Web3 can offer job seekers a smart CV held securely on their phone in a decentralized app-based wallet. This can grow with your career and hold verified evidence of your qualifications from educational and skill institutions.

It removes irrelevant information commonly found in traditional resumes and eliminates inaccurate or misleading information thanks to a reviewer-verified process. The bottom line is that people shouldn’t be allowed to lie about what their qualifications are, but given recent news about a woman who forged her doctor’s degree certificate and worked as a psychiatrist for over 20 years. , which can be disastrous.

This smart resume is easy to share and allows employers to find candidates based solely on the skills they need, not their status. Meanwhile, employers will have access to an open, skills-based hiring platform built on verifiable credentials.

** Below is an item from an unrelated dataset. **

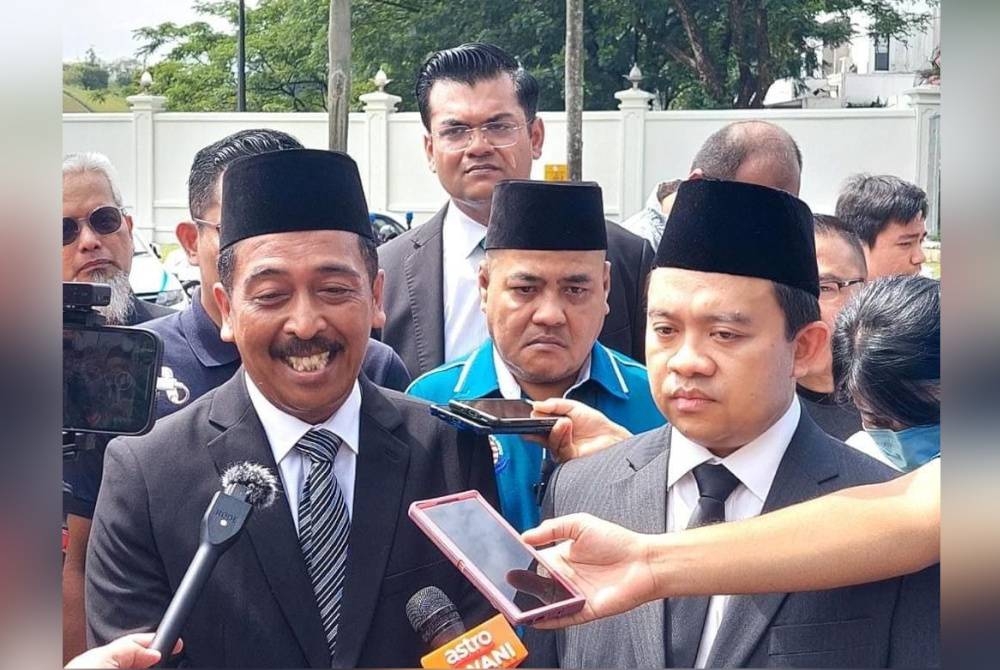 Norazlan (kiri) tiba di Pintu 3 Istana Negara pada Isnin setelah berjalan kaki sejauh 312 kilometer (km) dari Tol Skudai. - Foto Facebook Ahli Parlimen Tasek Gelugor, Datuk Wan Saiful Wan Jan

Employers will be able to approach qualified candidates instead of posting job ads. Also, the qualifications and skills are certified by the awarding bodies and do not need to be referenced.

There is a growing need for Web3 to rethink the hiring process and introduce skill-based hiring that keeps AI trigger-happy and honest. It will form an impenetrable ecosystem where qualifications are validated by public bodies and where candidates cannot seek medical attention. Web3 The sooner the Sheriff enters Old West Recruitment Street, the better.